When you're ready to start running tests locally, run the following:

cd ottr-venv/ottr/platforms/junos-18.x/src
python3 app.py

Building Container Image

Before pushing any images to ECR you need to check a few conditions:

  1. acme_local is not being used and acme_development or acme_production is being run.
  2. requirements.txt within the platform directory include all of the dependencies.
  3. Remove config folder and all __init__.py files from the platform directory.

When you are ready to build your container image and push a development or production version up to ECR the process is the same. Within the root directory there is a Makefile that is used as a local mechanism to build and push images to our container registry.

build-junos-18.x:
	$(info *** build and upload containers to AWS ECR)
	aws ecr get-login-password --region $(AWS_REGION) | docker login --username AWS --password-stdin $(AWS_ACCOUNT_ID).dkr.ecr.$(AWS_REGION).amazonaws.com
	docker build -t $(CONTAINERS_PREFIX)-junos-18.x-lets-encrypt:latest $(CONTAINERS_DIR)/junos-18.x/.
	docker tag $(CONTAINERS_PREFIX)-junos-18.x-lets-encrypt:latest $(AWS_ACCOUNT_ID).dkr.ecr.$(AWS_REGION).amazonaws.com/junos-18.x-lets-encrypt:latest ; \
	docker push $(AWS_ACCOUNT_ID).dkr.ecr.$(AWS_REGION).amazonaws.com/junos-18.x-lets-encrypt:latest ; \
cd $HOME/Desktop/ottr-venv/ottr
make build-junos-18.x

After the image is pushed up, manuel executions can be run for testing. This can be done in two ways:

  1. POST ​/api​/v1​/certificate​/rotate​/{system_name} API Endpoint

  2. Execute execute.py after configuring environmental variables:

    • REGION: Region you are build the Ottr infrastructure in.
    • AWS_ACCOUNT: AWS Account ID
    • DYNAMODB_TABLE: Name of the DynamoDB Table for Ottr's Asset Inventory.
    • HOSTED_ZONE_ID: Route53 Hosted Zone ID, depending on the Fully Qualified Domain Name (FQDN) for your device this value will differ.
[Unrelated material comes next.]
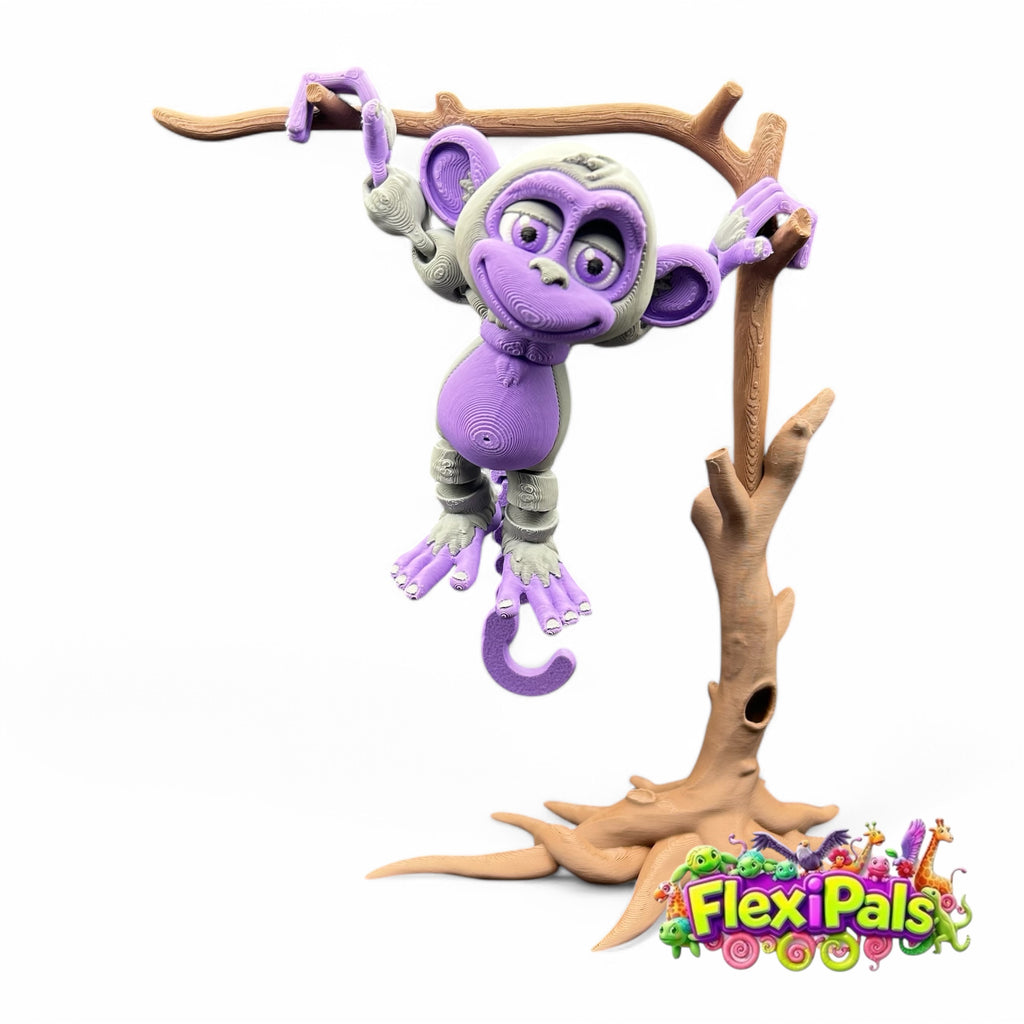 3D Printed FlexiPal XL Monkey with Tree Stand – Articulating Poseable Monkey Toy – Flexible Primate Figure for Play, Display, and Collecting – Interactive Jungle Animal Toy – Creative Desk Toy for Kids and Collectors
For example, if you are attempting a certificate rotation on subdomain.example.com you will need to look within Route53 for the Hosted Zone ID for example.com.
    • hostname: FQDN of host that you will be making the connection to.
    • common_name: Certificate Common Name (CN) field that will be set for the certificate.
    • task_definition: ECS Task Definition, this is the same value that was generated in the family field within infra/container.tf
    • dns: Route53 Hosted Zone ID for Host Domain
    cd ottr-venv/ottr/otter/manual
    python3 execute.py

This execution of either of these processes will kick off an AWS Step Function that will fire off an ECS task. If an error is generated the Lambda Handler should generate a Slack notification and provide you a link to the CloudWatch Log entry. If there are any issues there, you can find the logs in the /ecs/otter Log Group.

Once the production ready image is pushed to ECR, as long as the device metadata within the database match the routing config in the API and Core Platform, certificate expirations will be tracked natively and runs will be executed 30 days before the certificate expires.